Here’s the problem: Dr. Wood and I both have complicated jobs plus we have a family, so just like everyone else in the world, keeping in sync is a problem. Herewith a painful half-finished story of trying to solve it with technology. The conclusion is painfully obvious: whoever first provides a family-scheduling tool that non-geeks can use and Just Works with the tools most people run their calendars on is going to make a lot of money and do Humanity a major service.
Informal Approaches · Chat is a godsend; a high proportion of the times when I get a phone call saying “Can you go to Kalamazoo in April?” Lauren’s online and we can work it out right there... but other times, not; and she gets about as many of those calls.
Problem Statement · What we’d like is a way to share calendar info back and forth so that it updates automatically and I can look at hers and she can look at mine and (this part is important) nobody else can look at either.
Sun has an excellent Web-based calendaring service but our calendars include all sorts of personal and family stuff that we don’t feel like sharing with the employer. iCal can publish to .mac but then everyone can see it.
Her calendar’s on Palm and mine’s on iCal, and our family server’s a Debian box. To increase the nastiness, I insist on keeping my calendar back to the day in 1996 when I got my first Palm Pilot, plus now I stretch the custom-repeat scheduling capability of iCal to the max; thus my .ics file is about 800K, and has reduced more than one highly-regarded calendar-interchange program to quivering fragments.

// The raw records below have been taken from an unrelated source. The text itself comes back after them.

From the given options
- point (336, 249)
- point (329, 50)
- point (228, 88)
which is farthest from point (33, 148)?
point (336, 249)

Short version: Getting co-ordinated turns out to be a remarkable amount of work.
PHP iCalendar ·
Anyhow, I solved half of it this evening. Acting on the wise advice of
Simon Phipps, I decided to try
PHP iCalendar. Of course, this
required getting WebDAV going on our Debian box, which is a MAJOR PAIN
THE BUTT, lots of things don’t work out of the box. But there’s help
online, and when things go wrong (they will) you’ll need to
apt-get install cadaver and look at your Apache error log and
paste error messages into search engines, and
you’ll eventually get it working.
If setting up an Atom server ends up being this much pain, I will have wasted
the last two years of my life.
Of course, then you’re into the Joy of PHP. Which confounds me; I go pretty deep on Perl, which means I’m inured to some level of obfuscation, but dammit, does PHP have to be quite so butt-ugly?
PHP iCalendar is a good example of the PHP conundrum. It’s ugly, it’s gross, it’s inefficient, but today I have my calendar robustly online and yesterday I didn’t. Did I say inefficient? The home Debian box is a mouldy old P300 or some such, and it takes PHP about a minute of CPU time to read 800K of .ics and draw a (very nice) HTML picture of one of my weeks. That’s after I had to figure out how to whack the PHP config file to double the allowed memory and time consumption.
The Palm Half · Lauren’s been grinding her gears finding something that will read her Palm calendar file and put it on the web where I can see it. Currently the leading candidate is WebCalendar (another PHP app; do you spot a pattern here?); unfortunately it’s currently blowing chunks on her Palm schedule, which isn’t nearly as big or nasty as mine. But I’m sure she’ll figure it out.
Throwing Iron · What’s going to happen? Eventually we’ll get both halves working. I suspect that our joint calendrical activities will then reduce that poor old P300 to smoking rubble, and we’ll end up buying an Ultra or something to make it all go.
As an employee of a server vendor, this cheers me and makes me want to go look for ways to encourage PHP’s poorly-concealed Plot for World Domination... I envision vast server rooms full of Opteron and Niagara boxes and terabytes of RAM grinding away on synchronizing family schedules in PHP7. I see places where they have big families, like Afghanistan and Utah, as opportunities to drive up our share price.
On the other hand, as a software engineer, I feel mildly nauseated.
But the family’s getting in sync; how can that be a bad thing?